**Task:** Among the records, which lines hold the word "Stainless"? Pick them out.
*** Block opens ***
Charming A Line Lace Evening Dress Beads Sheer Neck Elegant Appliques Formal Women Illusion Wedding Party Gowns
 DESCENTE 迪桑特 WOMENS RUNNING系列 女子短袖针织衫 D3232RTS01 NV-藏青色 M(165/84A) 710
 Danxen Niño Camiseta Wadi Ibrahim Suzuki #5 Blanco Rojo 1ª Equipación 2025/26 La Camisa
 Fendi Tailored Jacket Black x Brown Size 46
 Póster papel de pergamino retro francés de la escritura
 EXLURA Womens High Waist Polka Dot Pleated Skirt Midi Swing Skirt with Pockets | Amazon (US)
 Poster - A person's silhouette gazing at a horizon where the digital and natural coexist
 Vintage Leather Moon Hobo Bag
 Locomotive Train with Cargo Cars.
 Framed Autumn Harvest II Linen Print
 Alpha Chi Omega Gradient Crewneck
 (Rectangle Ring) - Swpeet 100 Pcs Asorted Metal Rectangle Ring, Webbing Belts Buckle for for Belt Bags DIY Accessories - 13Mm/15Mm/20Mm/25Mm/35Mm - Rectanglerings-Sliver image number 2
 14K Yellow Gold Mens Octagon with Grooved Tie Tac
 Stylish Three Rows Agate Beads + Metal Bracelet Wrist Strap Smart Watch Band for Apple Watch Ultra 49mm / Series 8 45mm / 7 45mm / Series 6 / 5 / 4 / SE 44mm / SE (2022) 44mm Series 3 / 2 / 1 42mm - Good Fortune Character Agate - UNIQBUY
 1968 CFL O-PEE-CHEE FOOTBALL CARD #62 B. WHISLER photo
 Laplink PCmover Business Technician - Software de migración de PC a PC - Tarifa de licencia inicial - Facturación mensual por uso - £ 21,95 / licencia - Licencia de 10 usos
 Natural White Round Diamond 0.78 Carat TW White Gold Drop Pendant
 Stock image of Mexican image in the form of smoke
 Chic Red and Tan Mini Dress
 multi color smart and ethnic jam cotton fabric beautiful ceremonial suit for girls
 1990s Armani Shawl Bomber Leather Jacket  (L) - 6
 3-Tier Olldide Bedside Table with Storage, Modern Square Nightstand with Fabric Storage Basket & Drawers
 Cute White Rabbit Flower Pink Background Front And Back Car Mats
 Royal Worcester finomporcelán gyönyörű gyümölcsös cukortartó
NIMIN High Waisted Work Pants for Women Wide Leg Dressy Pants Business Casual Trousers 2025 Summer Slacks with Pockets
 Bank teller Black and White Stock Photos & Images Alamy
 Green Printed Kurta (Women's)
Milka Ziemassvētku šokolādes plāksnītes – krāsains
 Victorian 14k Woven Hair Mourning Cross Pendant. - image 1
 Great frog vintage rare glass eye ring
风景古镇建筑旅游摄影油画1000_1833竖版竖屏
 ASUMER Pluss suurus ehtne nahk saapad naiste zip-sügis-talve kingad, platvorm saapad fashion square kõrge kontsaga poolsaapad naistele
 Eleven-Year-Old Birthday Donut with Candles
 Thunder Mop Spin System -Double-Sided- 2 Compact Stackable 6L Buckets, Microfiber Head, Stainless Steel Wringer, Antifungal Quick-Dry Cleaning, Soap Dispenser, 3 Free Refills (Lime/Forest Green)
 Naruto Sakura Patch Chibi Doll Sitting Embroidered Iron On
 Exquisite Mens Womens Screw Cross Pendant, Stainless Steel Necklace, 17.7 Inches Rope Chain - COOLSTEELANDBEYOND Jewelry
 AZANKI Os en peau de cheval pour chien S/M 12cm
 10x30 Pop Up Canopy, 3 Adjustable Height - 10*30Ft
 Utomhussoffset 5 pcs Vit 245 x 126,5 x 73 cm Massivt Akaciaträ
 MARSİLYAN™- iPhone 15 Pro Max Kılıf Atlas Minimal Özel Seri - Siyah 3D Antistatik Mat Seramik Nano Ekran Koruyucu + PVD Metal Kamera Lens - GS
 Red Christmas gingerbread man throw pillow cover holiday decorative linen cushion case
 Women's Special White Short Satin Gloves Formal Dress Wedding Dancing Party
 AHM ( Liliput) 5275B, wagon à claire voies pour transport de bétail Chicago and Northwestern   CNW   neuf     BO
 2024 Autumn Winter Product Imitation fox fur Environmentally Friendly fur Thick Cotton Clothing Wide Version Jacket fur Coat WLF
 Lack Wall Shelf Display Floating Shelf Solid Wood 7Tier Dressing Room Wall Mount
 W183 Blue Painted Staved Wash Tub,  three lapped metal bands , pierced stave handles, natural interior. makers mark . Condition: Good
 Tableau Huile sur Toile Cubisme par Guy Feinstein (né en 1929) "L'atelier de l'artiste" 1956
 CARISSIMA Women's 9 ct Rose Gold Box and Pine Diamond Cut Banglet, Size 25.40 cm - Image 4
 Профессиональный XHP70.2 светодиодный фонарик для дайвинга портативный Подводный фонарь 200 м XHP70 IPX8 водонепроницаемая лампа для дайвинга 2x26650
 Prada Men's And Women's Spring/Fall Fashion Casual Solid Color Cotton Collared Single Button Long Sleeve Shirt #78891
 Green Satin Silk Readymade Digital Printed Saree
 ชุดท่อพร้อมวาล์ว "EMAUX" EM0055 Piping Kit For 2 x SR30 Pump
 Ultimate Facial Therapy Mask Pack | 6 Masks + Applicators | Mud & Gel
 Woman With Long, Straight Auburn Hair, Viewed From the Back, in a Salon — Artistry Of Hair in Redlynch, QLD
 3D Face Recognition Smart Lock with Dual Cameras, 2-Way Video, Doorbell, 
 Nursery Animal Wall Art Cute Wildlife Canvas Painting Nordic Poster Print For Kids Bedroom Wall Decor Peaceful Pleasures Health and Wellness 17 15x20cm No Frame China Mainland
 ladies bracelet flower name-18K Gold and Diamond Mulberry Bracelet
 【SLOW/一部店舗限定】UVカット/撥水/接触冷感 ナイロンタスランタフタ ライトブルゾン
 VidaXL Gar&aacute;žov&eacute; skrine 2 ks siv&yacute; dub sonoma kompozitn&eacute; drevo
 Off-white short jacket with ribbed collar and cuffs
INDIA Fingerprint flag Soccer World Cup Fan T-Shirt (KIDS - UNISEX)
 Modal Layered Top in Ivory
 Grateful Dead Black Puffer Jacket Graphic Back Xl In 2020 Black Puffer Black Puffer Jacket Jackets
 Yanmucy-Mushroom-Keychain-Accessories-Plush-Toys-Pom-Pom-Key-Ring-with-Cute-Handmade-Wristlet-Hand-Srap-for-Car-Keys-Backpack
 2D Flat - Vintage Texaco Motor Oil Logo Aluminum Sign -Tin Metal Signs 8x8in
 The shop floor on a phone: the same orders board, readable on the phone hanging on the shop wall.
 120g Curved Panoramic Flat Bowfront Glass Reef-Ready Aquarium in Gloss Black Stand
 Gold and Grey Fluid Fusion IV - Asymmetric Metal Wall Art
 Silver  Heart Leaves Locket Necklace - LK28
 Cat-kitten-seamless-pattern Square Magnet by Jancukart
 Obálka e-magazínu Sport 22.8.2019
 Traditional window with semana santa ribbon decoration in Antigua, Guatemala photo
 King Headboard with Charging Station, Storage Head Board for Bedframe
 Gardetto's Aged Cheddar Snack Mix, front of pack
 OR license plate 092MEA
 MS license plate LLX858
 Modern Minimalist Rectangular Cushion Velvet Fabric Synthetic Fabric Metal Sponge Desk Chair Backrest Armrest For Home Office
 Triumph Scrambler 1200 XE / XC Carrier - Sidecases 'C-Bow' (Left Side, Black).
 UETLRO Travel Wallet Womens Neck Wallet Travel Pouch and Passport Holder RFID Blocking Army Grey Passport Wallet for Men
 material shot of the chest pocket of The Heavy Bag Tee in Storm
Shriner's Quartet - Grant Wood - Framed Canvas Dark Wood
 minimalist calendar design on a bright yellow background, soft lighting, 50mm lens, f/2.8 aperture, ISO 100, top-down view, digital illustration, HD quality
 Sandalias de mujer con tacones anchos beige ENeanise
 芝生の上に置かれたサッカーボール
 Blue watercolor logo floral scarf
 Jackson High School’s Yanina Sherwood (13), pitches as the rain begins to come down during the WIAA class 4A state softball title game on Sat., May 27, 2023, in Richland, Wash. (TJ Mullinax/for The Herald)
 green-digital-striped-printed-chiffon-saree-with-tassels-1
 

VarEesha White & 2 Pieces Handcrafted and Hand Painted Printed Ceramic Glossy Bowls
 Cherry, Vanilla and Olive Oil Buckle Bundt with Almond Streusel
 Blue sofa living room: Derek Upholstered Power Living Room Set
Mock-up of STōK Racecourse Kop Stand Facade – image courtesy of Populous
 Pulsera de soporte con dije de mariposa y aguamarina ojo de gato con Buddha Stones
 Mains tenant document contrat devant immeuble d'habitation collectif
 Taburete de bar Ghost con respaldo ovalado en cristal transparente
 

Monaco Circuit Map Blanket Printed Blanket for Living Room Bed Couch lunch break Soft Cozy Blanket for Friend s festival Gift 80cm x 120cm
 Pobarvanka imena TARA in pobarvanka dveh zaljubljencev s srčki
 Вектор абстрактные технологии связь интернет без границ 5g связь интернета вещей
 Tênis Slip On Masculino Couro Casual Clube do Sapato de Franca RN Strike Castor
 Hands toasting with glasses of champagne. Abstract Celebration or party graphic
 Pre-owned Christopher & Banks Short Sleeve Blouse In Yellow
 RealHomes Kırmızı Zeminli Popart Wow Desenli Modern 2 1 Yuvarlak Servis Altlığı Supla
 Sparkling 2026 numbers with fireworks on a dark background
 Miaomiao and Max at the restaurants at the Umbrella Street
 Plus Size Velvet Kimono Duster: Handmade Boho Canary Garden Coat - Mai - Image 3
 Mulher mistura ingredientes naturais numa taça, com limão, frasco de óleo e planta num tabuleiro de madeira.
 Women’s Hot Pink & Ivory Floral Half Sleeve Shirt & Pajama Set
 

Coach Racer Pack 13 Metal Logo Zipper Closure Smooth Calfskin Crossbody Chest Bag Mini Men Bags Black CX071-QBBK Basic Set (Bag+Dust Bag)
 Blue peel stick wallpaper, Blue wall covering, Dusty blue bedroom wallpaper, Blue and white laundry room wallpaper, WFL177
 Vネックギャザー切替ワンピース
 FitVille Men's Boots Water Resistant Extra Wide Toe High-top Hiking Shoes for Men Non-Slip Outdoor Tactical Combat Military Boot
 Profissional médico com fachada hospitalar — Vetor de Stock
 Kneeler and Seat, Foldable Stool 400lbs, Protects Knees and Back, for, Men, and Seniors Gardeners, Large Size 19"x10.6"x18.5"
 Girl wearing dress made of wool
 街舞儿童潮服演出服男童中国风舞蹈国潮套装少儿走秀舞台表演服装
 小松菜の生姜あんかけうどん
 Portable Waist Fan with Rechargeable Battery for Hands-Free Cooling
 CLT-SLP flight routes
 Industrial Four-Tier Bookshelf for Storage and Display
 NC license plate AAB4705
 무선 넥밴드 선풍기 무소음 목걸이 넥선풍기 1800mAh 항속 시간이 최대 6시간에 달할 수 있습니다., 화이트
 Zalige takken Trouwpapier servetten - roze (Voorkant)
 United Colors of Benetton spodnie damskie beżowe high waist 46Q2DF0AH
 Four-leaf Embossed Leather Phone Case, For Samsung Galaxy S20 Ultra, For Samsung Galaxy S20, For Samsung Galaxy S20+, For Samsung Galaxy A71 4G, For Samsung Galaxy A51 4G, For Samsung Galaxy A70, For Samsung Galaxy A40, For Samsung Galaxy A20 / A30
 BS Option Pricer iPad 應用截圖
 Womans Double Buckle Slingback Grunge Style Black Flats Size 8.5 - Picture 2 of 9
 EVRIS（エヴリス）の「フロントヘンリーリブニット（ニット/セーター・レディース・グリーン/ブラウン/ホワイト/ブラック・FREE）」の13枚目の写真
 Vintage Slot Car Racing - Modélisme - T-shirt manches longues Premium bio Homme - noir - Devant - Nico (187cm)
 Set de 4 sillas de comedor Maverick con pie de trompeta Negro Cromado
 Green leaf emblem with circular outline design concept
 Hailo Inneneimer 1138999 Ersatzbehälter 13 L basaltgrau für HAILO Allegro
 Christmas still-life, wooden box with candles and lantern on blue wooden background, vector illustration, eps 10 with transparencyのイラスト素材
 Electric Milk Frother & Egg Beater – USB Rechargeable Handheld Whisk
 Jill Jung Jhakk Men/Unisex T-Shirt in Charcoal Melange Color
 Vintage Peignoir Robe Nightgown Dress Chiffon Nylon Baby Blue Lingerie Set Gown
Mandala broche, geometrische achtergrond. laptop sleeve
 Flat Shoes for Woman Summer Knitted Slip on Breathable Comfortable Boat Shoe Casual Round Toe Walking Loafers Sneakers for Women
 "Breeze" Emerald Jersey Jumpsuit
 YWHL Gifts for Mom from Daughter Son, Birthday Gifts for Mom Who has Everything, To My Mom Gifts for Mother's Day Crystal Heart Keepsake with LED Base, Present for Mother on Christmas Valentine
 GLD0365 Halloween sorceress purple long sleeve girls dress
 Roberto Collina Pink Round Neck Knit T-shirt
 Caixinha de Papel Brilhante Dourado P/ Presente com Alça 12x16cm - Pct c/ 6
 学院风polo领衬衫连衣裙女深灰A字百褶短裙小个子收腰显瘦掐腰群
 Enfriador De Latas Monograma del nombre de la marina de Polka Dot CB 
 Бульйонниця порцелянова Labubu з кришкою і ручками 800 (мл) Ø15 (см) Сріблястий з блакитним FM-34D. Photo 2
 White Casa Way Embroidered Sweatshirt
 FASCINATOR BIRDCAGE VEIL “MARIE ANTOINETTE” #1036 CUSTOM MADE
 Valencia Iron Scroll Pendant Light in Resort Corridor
*** Block closes ***
**Answer to the problem:**
 Thunder Mop Spin System -Double-Sided- 2 Compact Stackable 6L Buckets, Microfiber Head, Stainless Steel Wringer, Antifungal Quick-Dry Cleaning, Soap Dispenser, 3 Free Refills (Lime/Forest Green)
 Exquisite Mens Womens Screw Cross Pendant, Stainless Steel Necklace, 17.7 Inches Rope Chain - COOLSTEELANDBEYOND Jewelry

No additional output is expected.